Brexit to bring Construction Recession

Author: ross sturley cimcig

It feels that all the advice available post EU Referendum is rather "Dad's Army". Either "We're doomed", or Don't panic". In search of something calmer and more detailed I attended the Glenigan Breakfast Briefing this week.

When the first speaker, Arran Russell of political analyst DeHavilland started out with a slide entitled "what we don't know", I thought perhaps there wouldn't be a lot of clarity added to my knowledge pool, but fortunately things improved radically.

The bottom line is that while government spending on infrastructure, helath, and education may make things less bumpy than they might be, we are set for a construction sector recession brought on mainly by nervousness in the commerical office, industrial, and private housing sectors.

This forecast is being caused largely by uncertainty resulting from the vote to leave the EU. This uncertainty is set to continue for some time - not least because nothing will happen until there is a Conservative Party leadership election result, but also because no real clarity will emerge until we conduct negotiations about how we exit the EU, after we invoke Article 50, which could all take years.

Arran felt some fiscal and monetary stimulus was likely, indeed the bank of England seem ready to take action to keep the economy as buoyant as possible. However, all this suggests that residential and commercial construction could suffer in the short and medium term, as the uncertainty plays out.

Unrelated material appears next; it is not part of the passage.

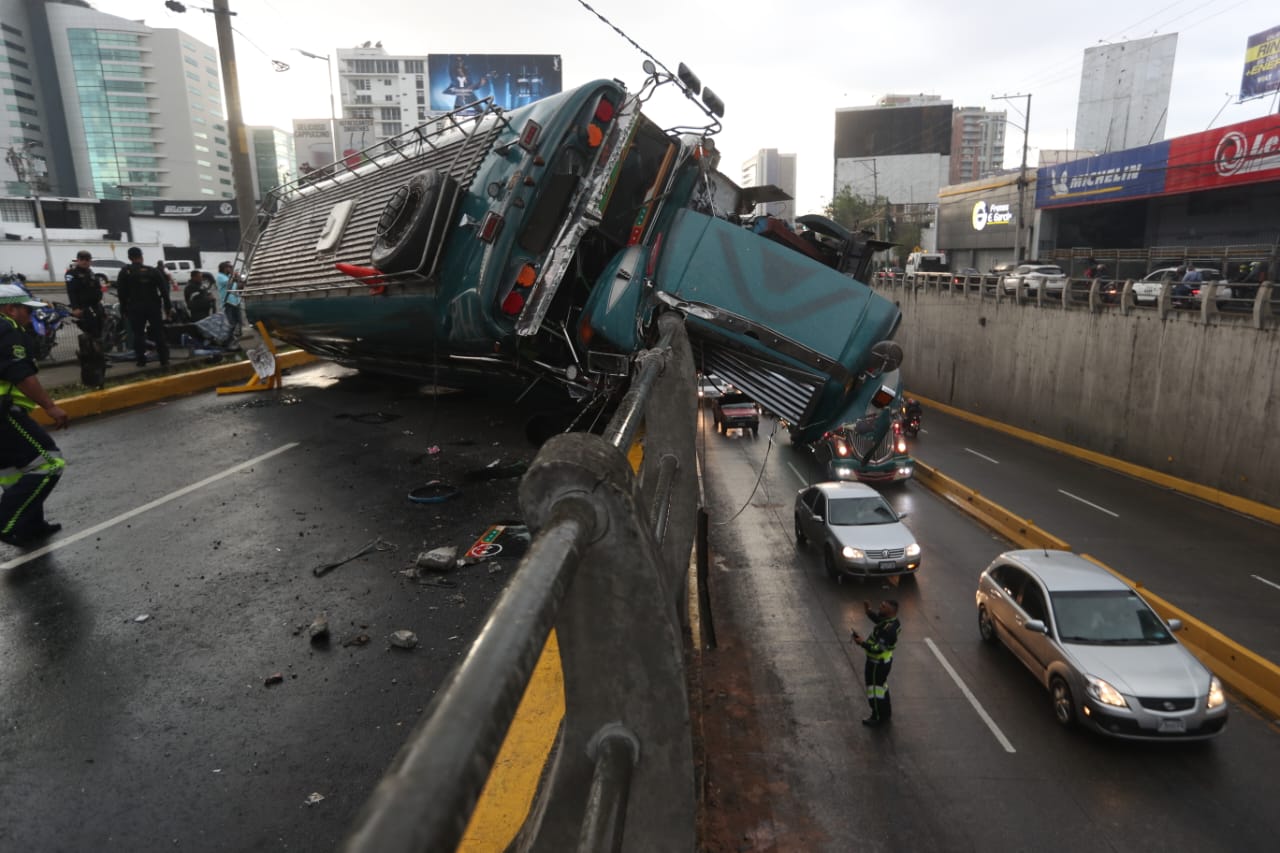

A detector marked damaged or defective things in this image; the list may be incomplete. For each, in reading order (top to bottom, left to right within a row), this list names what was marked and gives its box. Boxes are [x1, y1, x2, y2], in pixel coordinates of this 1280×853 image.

overturned blue truck [238, 61, 900, 446]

Allan Wilen of Glenigan was the one who predicted an immediate construction recession. Given we have had one quarter of decline already this year, as markets slowed in the run up to the Referendum, it would only take one more quarter to produce that, so we are well on the way. However, the major market shock that Allan described means that to do good business during this time, companies will need to be fleet of foot and flexible.

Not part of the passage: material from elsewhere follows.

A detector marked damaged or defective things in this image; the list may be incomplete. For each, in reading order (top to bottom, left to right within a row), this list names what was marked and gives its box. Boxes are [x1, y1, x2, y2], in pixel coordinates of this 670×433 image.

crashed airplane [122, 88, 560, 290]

Product manufacturers may see some short term benefit from the exchange rate correction. However, in the longer term, reduced market access is likely to hit those who export  to the EU, and reduced demand domestically will make business harder.

Allan's forecast showed continuing growth in the education sector, and in healthcase making up for a cooling private housing market, a wak retail sector, and offices and industrial falling theough lower occupier demand.

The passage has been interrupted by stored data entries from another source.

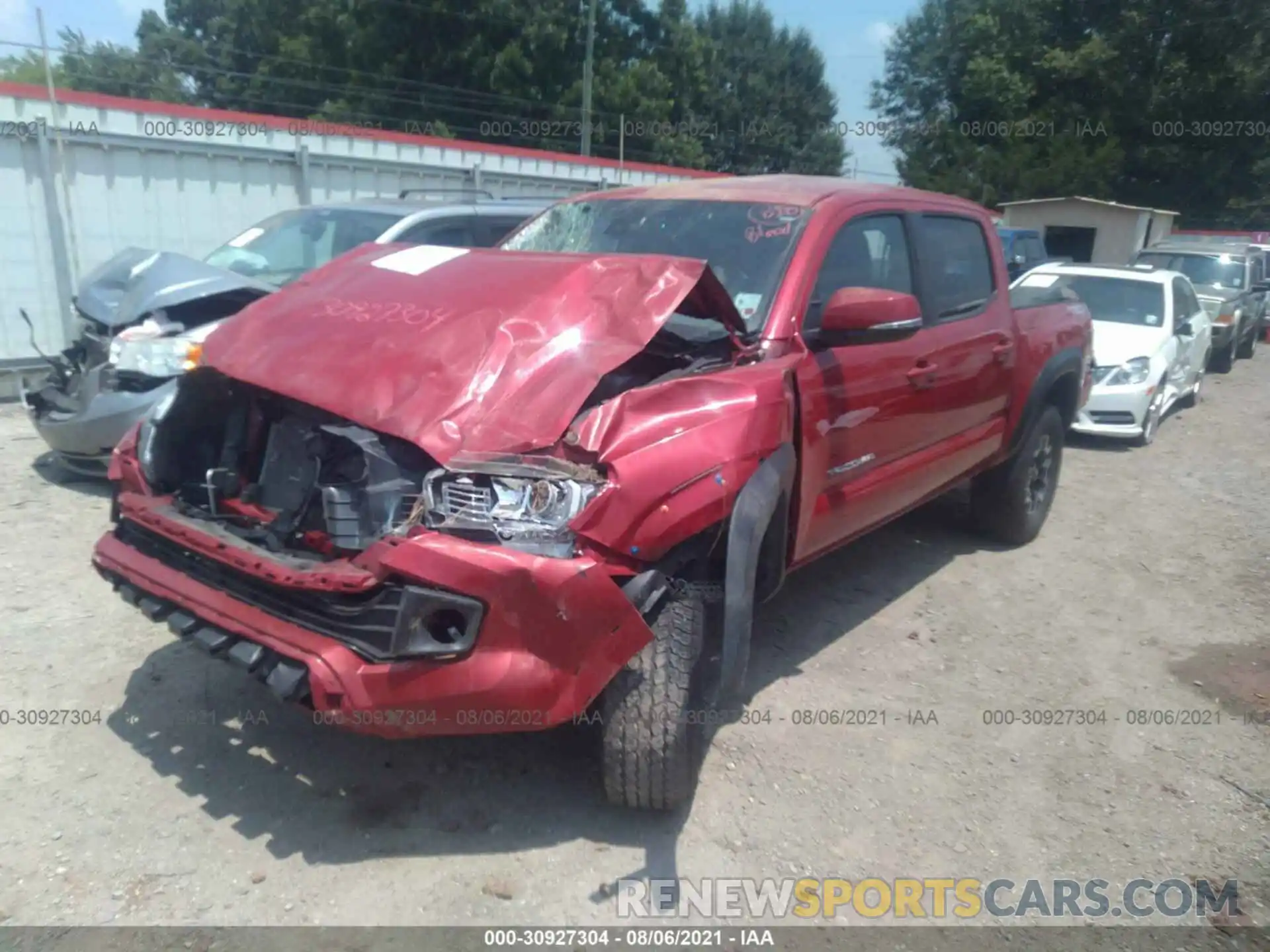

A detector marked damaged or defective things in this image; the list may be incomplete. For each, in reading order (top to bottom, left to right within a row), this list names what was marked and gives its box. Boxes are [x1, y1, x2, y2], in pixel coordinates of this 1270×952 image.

damaged front end [21, 251, 273, 479]
crushed hood [74, 247, 275, 329]
shattered windshield [205, 206, 402, 284]
crushed hood [204, 243, 751, 463]
shattered windshield [500, 196, 810, 331]
broken headlight [418, 468, 603, 558]
crumpled fender [566, 360, 794, 566]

Another Brexit effect could be reduced employment, and skills and materials shortages.

Infrastructure was another area of possible growth though. Both Allan and NCE Editor Mark hansford pointed to a number of schemes where Government money is likely to continue to flow. Hansford even suggested that contractors should work up some schemes that might unlock economic benefit, as a future Chancellor might look for 'shovel ready' schemes to invest in if the economy needs boosting down the line.

So, not an overly positive picture, but the overall message was - this is where we are, all we can do is work to get out of it. Let's start.